→ Assignment: Repeat exactly the lines that begin at the one containing "ĐÌNH & BẠN BÈ" and end at the final line of the records; include no pictures and nothing else.

→ Extracted information:
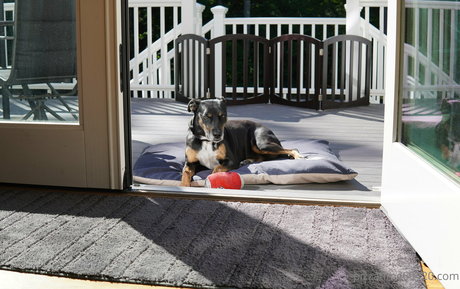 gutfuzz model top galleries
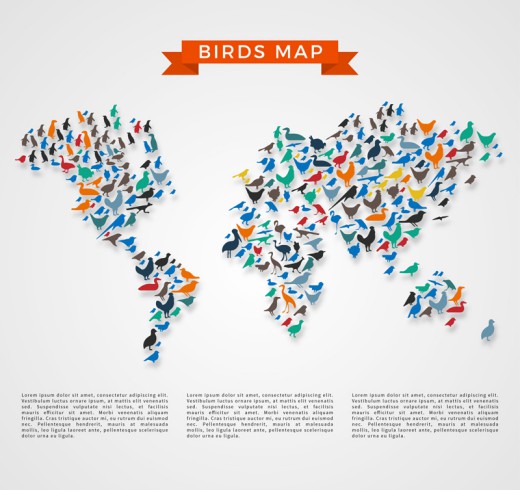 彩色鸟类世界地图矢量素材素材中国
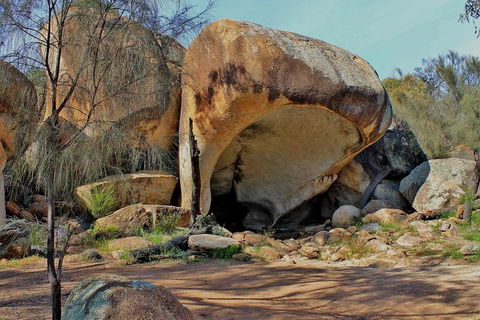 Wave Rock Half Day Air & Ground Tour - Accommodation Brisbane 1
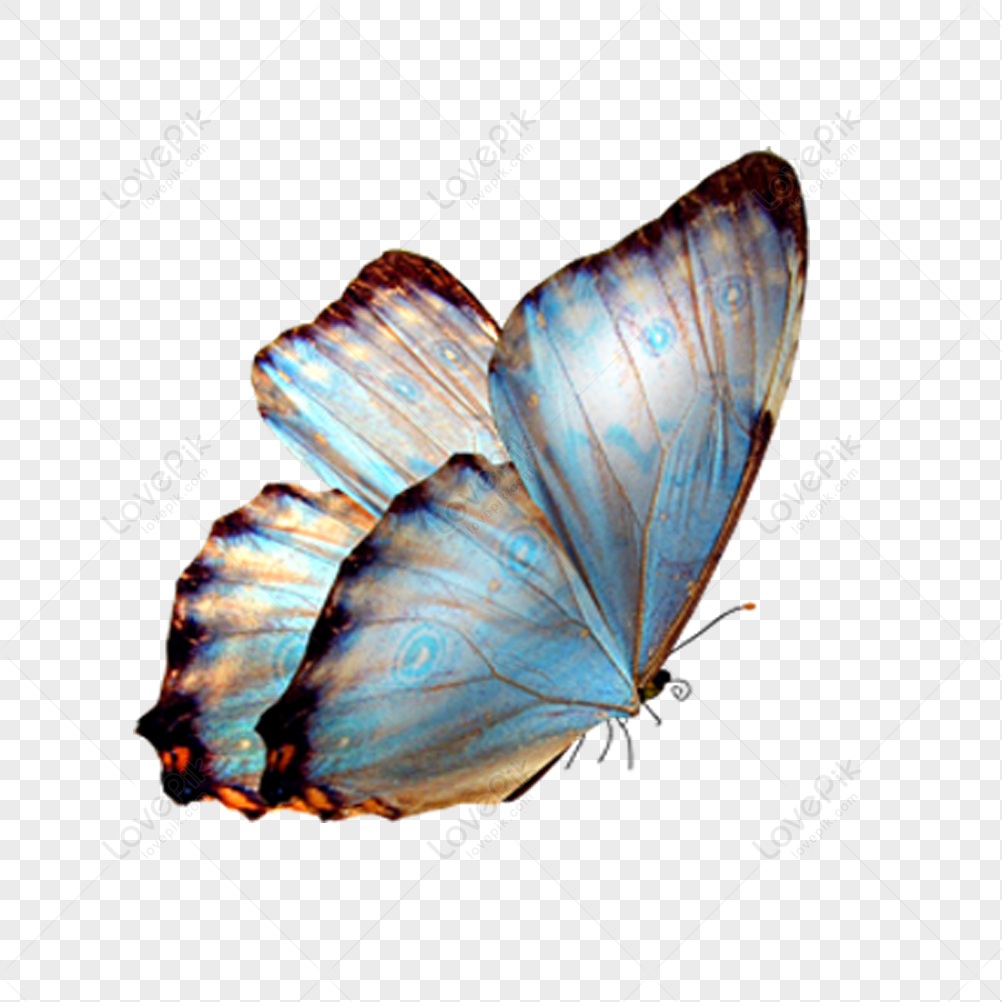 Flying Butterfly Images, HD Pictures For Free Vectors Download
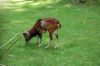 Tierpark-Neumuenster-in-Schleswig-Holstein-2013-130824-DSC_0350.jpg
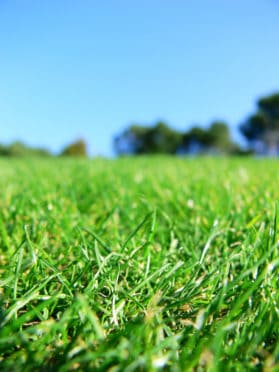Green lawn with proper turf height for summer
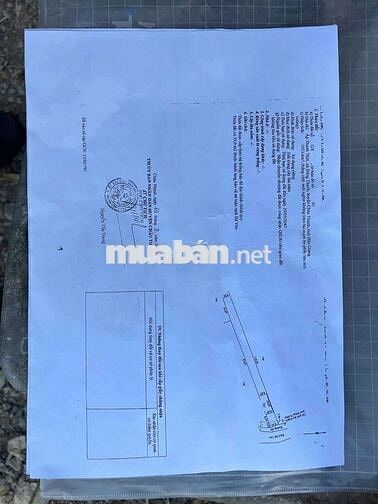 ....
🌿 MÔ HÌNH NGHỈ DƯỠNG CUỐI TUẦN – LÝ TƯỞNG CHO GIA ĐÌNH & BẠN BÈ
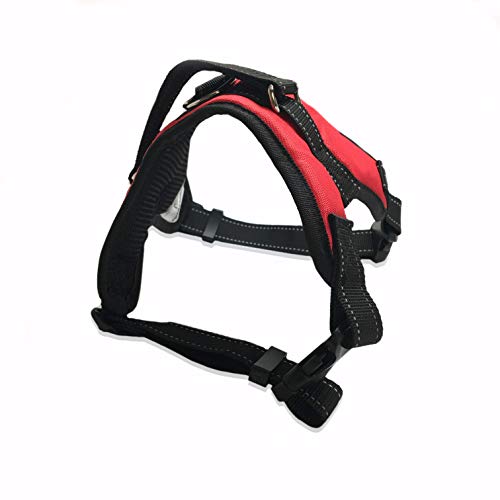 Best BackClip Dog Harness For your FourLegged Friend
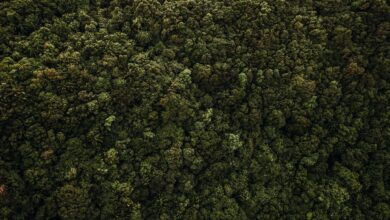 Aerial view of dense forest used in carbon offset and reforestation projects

→ Reply to the exercise:
🌿 MÔ HÌNH NGHỈ DƯỠNG CUỐI TUẦN – LÝ TƯỞNG CHO GIA ĐÌNH & BẠN BÈ
 Best BackClip Dog Harness For your FourLegged Friend
 Aerial view of dense forest used in carbon offset and reforestation projects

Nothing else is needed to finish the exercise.